Stored items
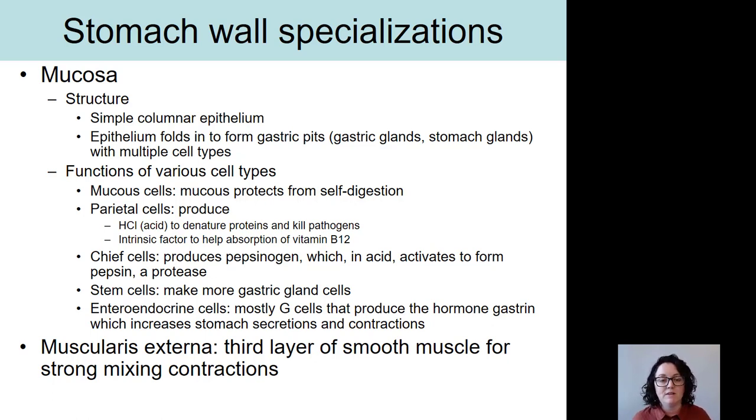One of the cell types found in gastric glands are mucous cells, sometimes called goblet cells, which produce mucus. This mucus is really important for the stomach because the stomach needs to protect itself from self-digestion. The stomach puts acid into the gastric juice, which can eat away at the stomach wall. There's a very high cell turnover rate in the stomach epithelium, but a layer of mucus between the acid and the epithelium helps mitigate that.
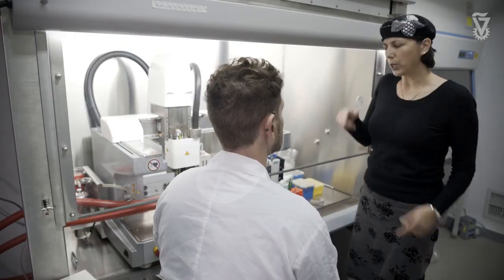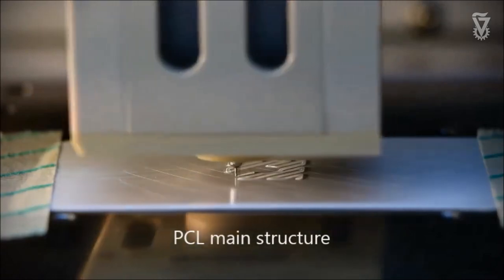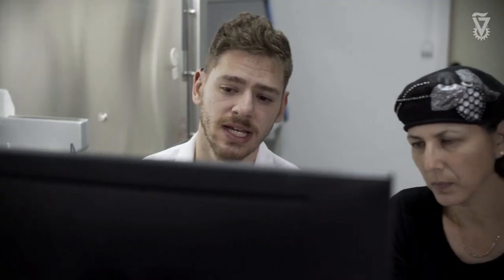The current printer has different heads, so you can print different biomaterials and different cells at the same time. It's really giving us new tools for tissue engineering — additional tools where you can design the scaffold as you wish, and also seed the cells in the right orientation to allow them to better organize into the right tissue structure.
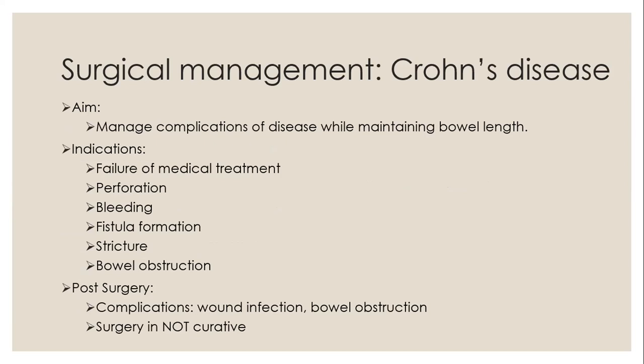Looking at surgical management for Crohn's disease, the aim is to manage complications of the disease while maintaining bowel length. As surgeons, we should approach the current surgical problem optimistically and embrace it as an opportunity to afford the patient a symptom-free time, rather than getting despondent at the chronic course of the disease. Indications for surgery include failure of medical treatment to achieve remission or inability to wean off steroids, perforation, stricture, fistula formation, bowel obstruction that doesn't respond to medical management, bleeding, and malignancy. Surgery is not curative — the disease process is often ongoing despite resection, so there will be recurrence of symptoms, and up to 50% of patients experience recurrence within one year post-surgery.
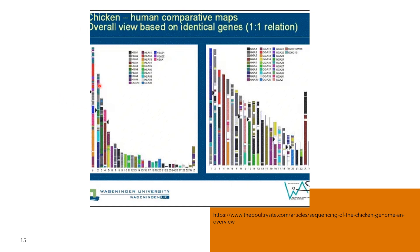A comparative map of the chicken and human genes is shown here. Another discovery from the chicken genome project is that chickens and humans have a similar number of genes for olfactory receptors, suggesting that the chicken's sense of smell is much greater than previously thought.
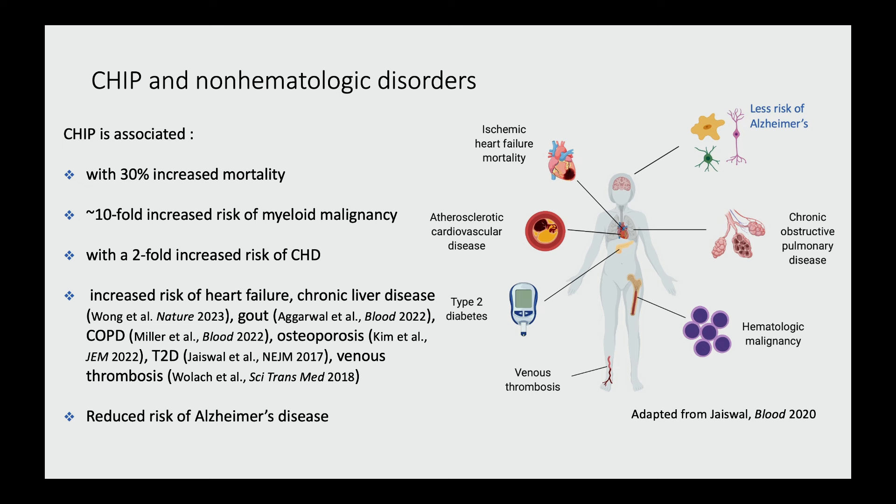The common denominator in probably all of these conditions, in addition to being diseases of aging, is that they're all chronic inflammatory diseases or diseases where the immune system is thought to play a major role. We believe, based on multiple studies, that many of the mutations found in CHIP may increase the innate immune system's capacity for inflammatory gene expression.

» TASK REQUIREMENTS: For this exercise, return the data above exactly and leave every picture out.

» YOUR RESPONSE:
One of the cell types found in gastric glands are mucous cells, sometimes called goblet cells, which produce mucus. This mucus is really important for the stomach because the stomach needs to protect itself from self-digestion. The stomach puts acid into the gastric juice, which can eat away at the stomach wall. There's a very high cell turnover rate in the stomach epithelium, but a layer of mucus between the acid and the epithelium helps mitigate that.
The current printer has different heads, so you can print different biomaterials and different cells at the same time. It's really giving us new tools for tissue engineering — additional tools where you can design the scaffold as you wish, and also seed the cells in the right orientation to allow them to better organize into the right tissue structure.
Looking at surgical management for Crohn's disease, the aim is to manage complications of the disease while maintaining bowel length. As surgeons, we should approach the current surgical problem optimistically and embrace it as an opportunity to afford the patient a symptom-free time, rather than getting despondent at the chronic course of the disease. Indications for surgery include failure of medical treatment to achieve remission or inability to wean off steroids, perforation, stricture, fistula formation, bowel obstruction that doesn't respond to medical management, bleeding, and malignancy. Surgery is not curative — the disease process is often ongoing despite resection, so there will be recurrence of symptoms, and up to 50% of patients experience recurrence within one year post-surgery.
A comparative map of the chicken and human genes is shown here. Another discovery from the chicken genome project is that chickens and humans have a similar number of genes for olfactory receptors, suggesting that the chicken's sense of smell is much greater than previously thought.
The common denominator in probably all of these conditions, in addition to being diseases of aging, is that they're all chronic inflammatory diseases or diseases where the immune system is thought to play a major role. We believe, based on multiple studies, that many of the mutations found in CHIP may increase the innate immune system's capacity for inflammatory gene expression.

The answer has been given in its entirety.